**Crawled caption data**
━━━━
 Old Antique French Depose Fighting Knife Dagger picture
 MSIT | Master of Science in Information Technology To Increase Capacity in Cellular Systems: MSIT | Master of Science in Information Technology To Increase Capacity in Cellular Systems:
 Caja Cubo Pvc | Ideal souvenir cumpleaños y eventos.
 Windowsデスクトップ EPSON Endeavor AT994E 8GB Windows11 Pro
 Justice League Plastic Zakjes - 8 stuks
━━━━
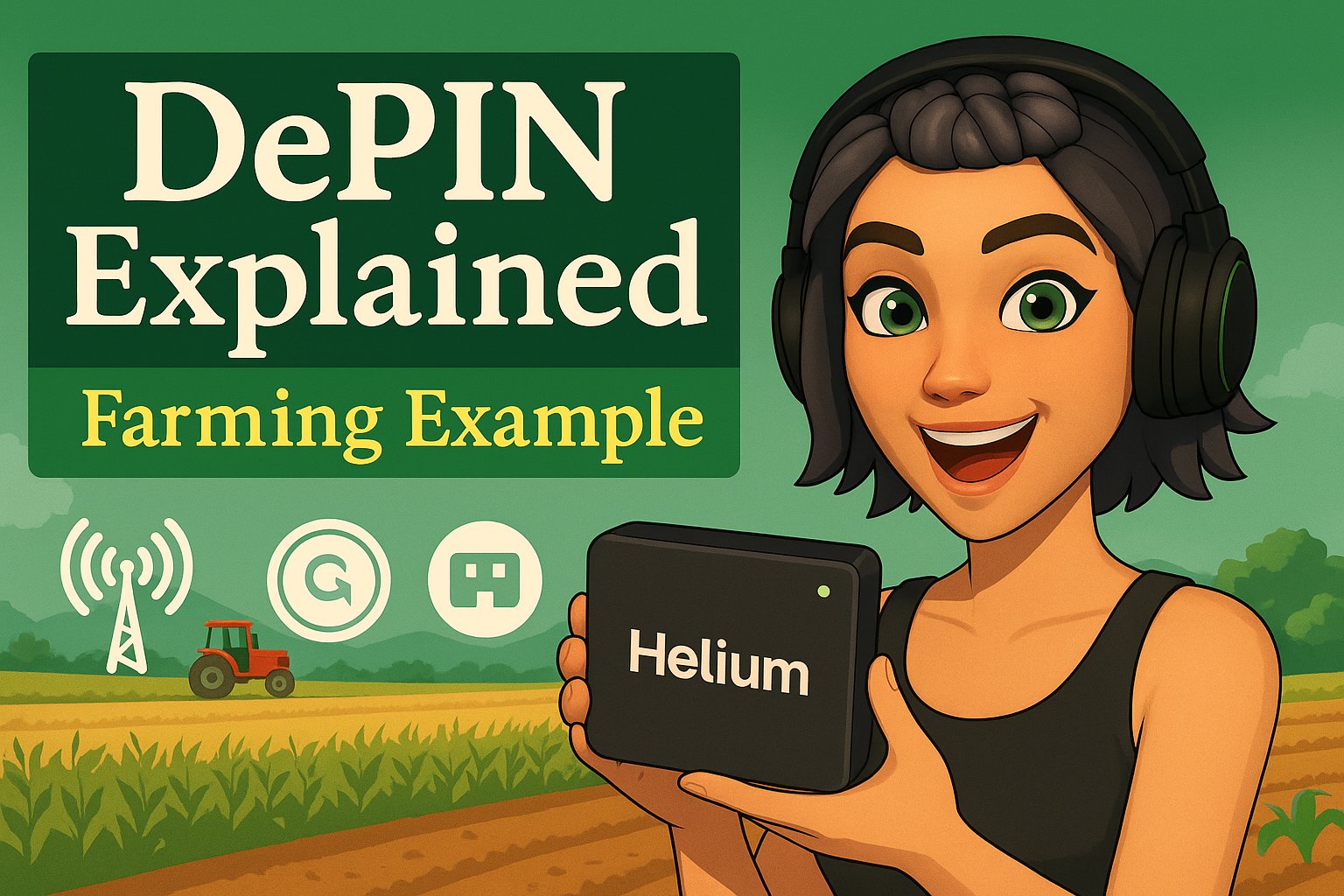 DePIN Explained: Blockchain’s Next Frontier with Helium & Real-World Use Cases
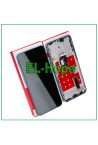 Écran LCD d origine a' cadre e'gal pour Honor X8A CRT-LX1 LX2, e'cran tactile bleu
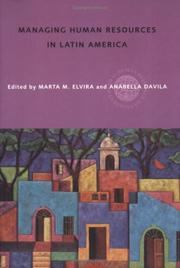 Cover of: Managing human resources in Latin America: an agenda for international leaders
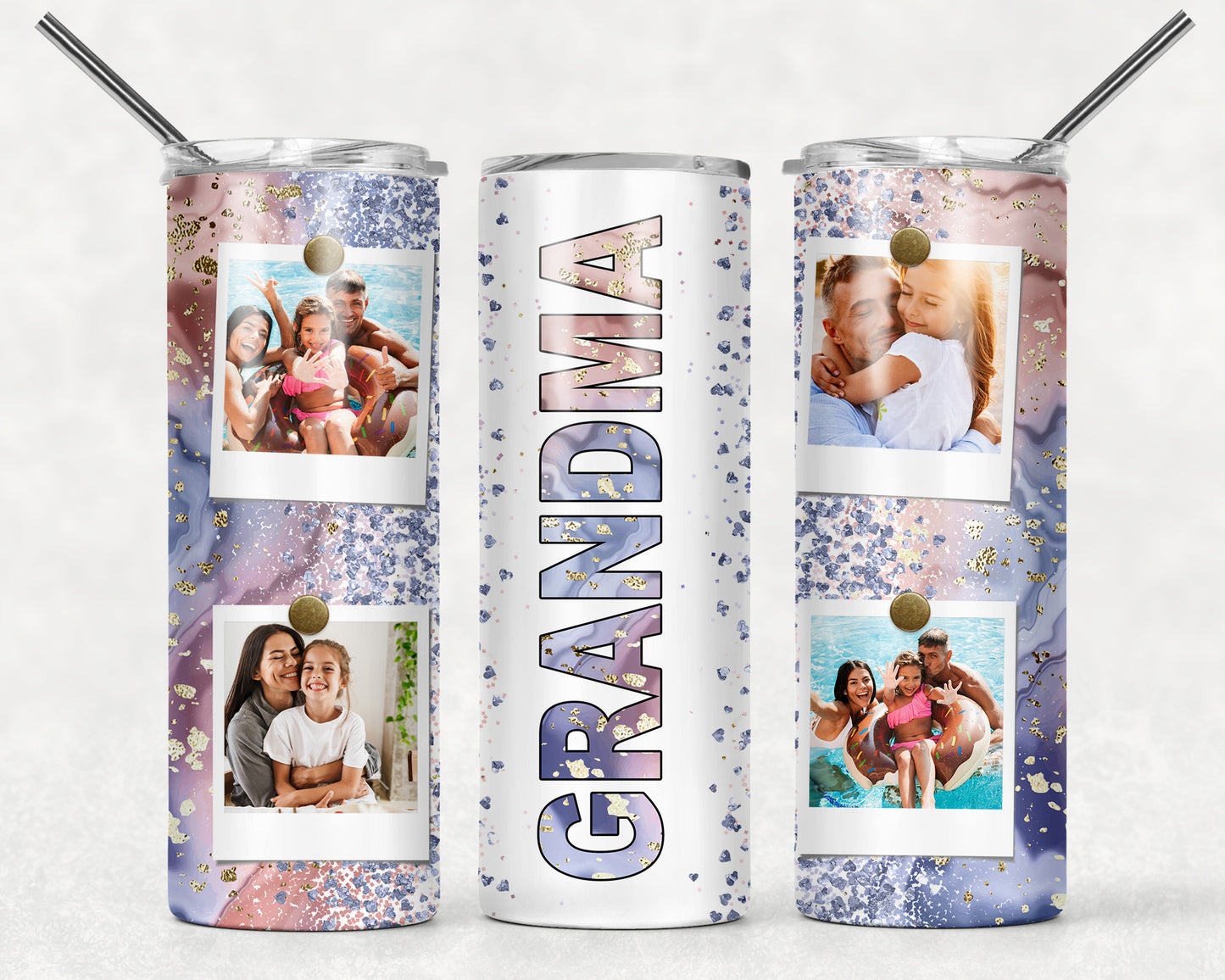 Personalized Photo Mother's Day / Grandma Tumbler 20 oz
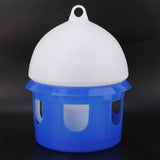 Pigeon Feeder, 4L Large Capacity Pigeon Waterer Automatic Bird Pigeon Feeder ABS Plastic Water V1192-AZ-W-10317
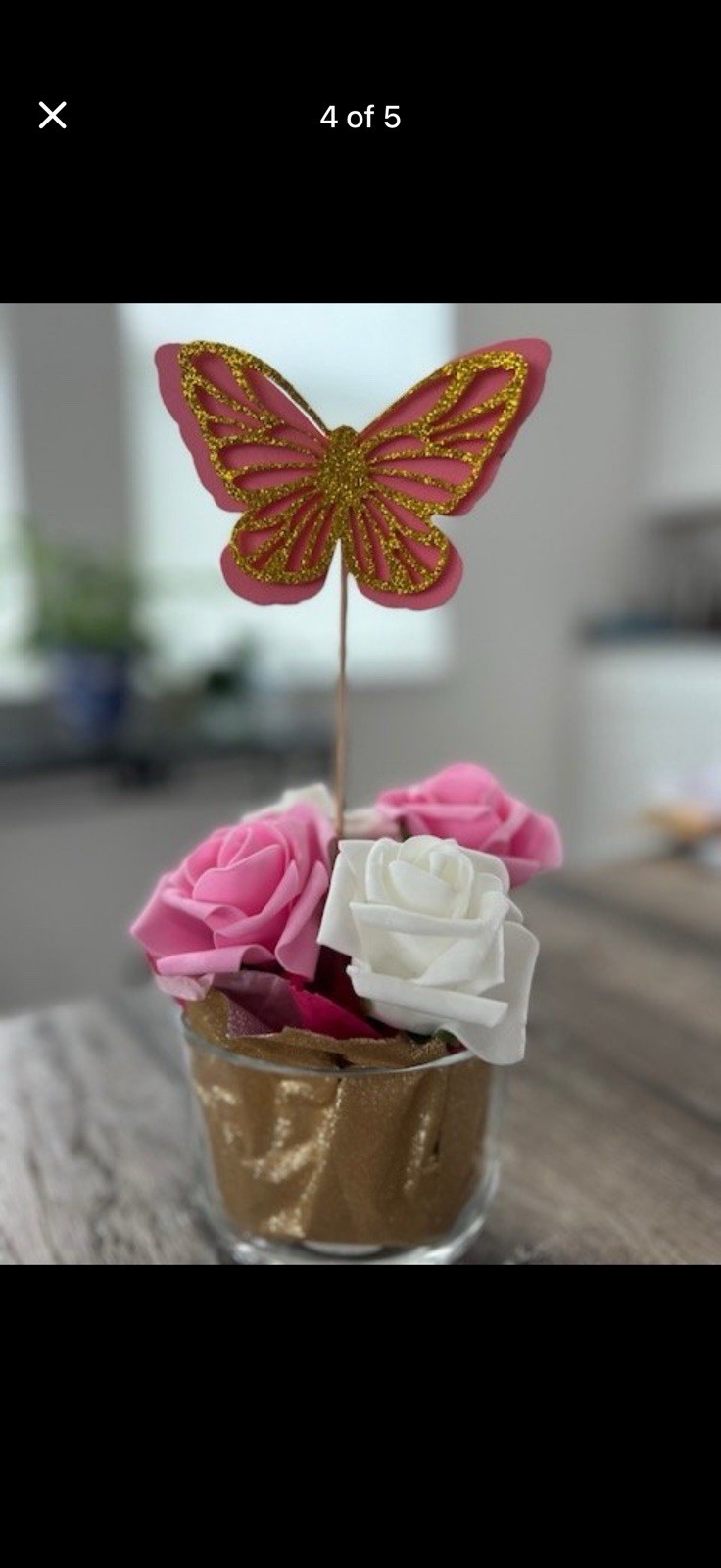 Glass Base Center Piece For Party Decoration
━━━━
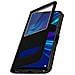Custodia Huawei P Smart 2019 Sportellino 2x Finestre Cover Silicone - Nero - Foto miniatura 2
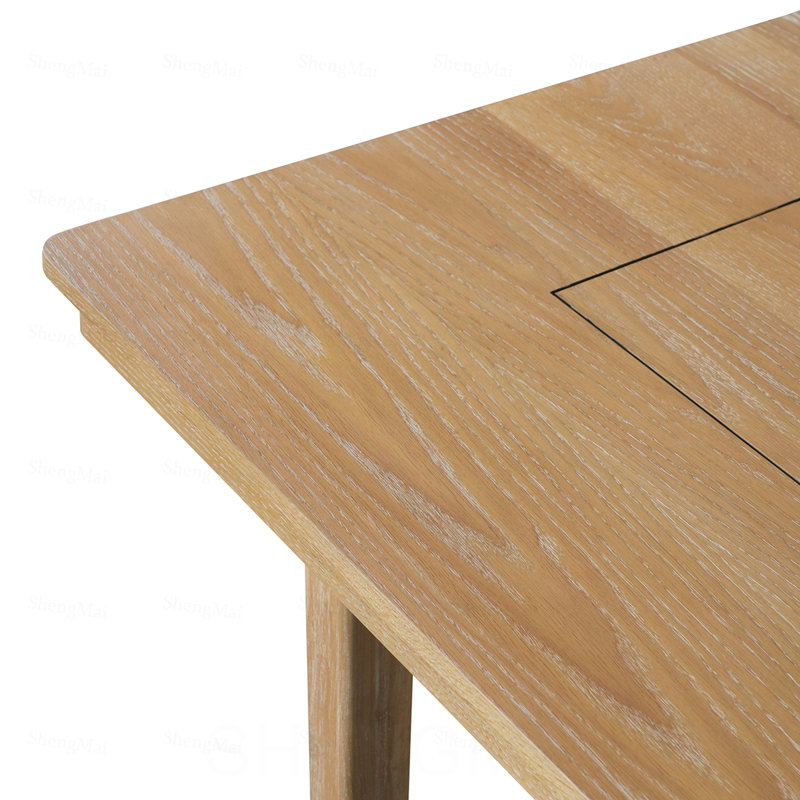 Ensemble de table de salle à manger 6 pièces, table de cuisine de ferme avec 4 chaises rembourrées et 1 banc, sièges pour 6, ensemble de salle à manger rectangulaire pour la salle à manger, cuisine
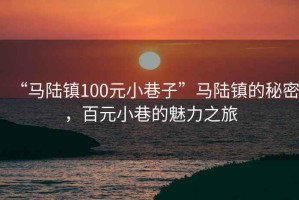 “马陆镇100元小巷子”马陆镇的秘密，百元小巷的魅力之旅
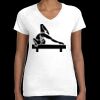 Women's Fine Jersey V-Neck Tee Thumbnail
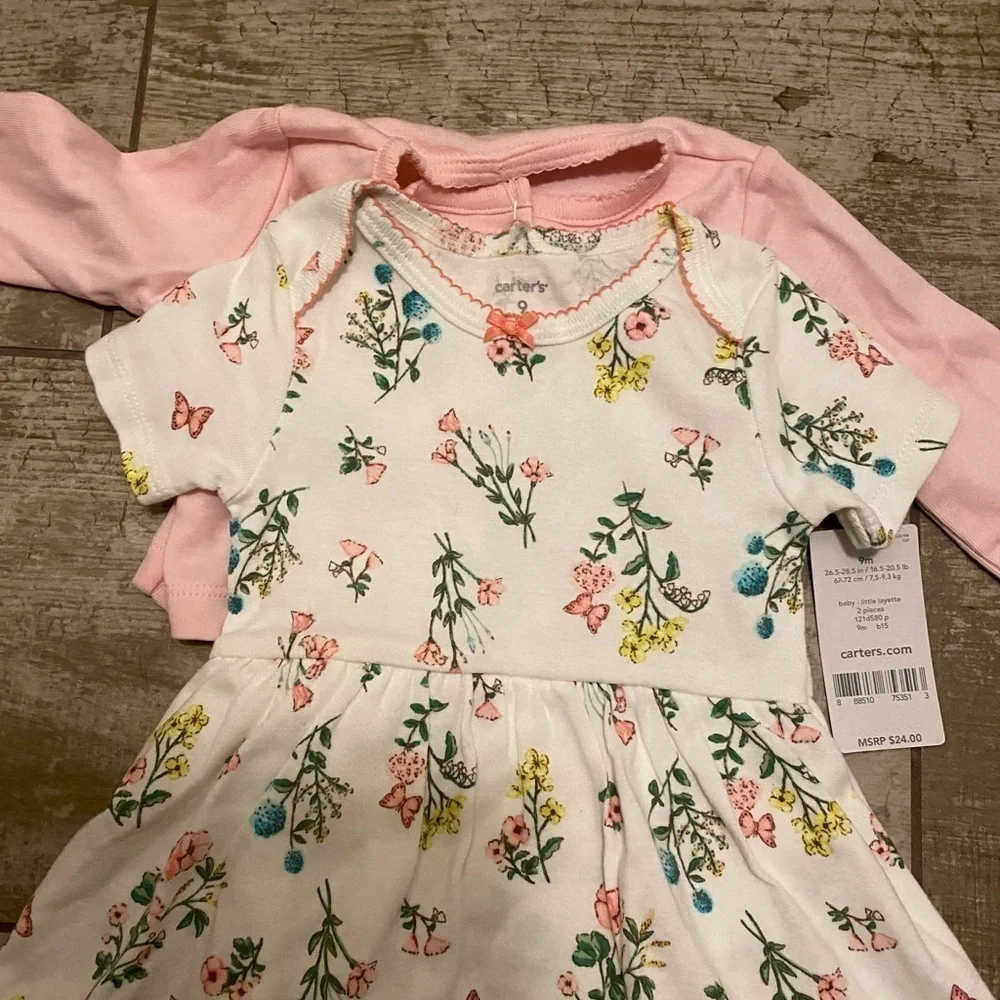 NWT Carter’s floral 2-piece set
━━━━
**What needs to be done**
Of the records above, print only the lines from the one containing "Cover of: Managing" through the one containing "Glass Base Center Piece For Party Decoration", inclusive and unaltered, leaving out pictures.

**Exercise answer**
 Cover of: Managing human resources in Latin America: an agenda for international leaders
 Personalized Photo Mother's Day / Grandma Tumbler 20 oz
 Pigeon Feeder, 4L Large Capacity Pigeon Waterer Automatic Bird Pigeon Feeder ABS Plastic Water V1192-AZ-W-10317
 Glass Base Center Piece For Party Decoration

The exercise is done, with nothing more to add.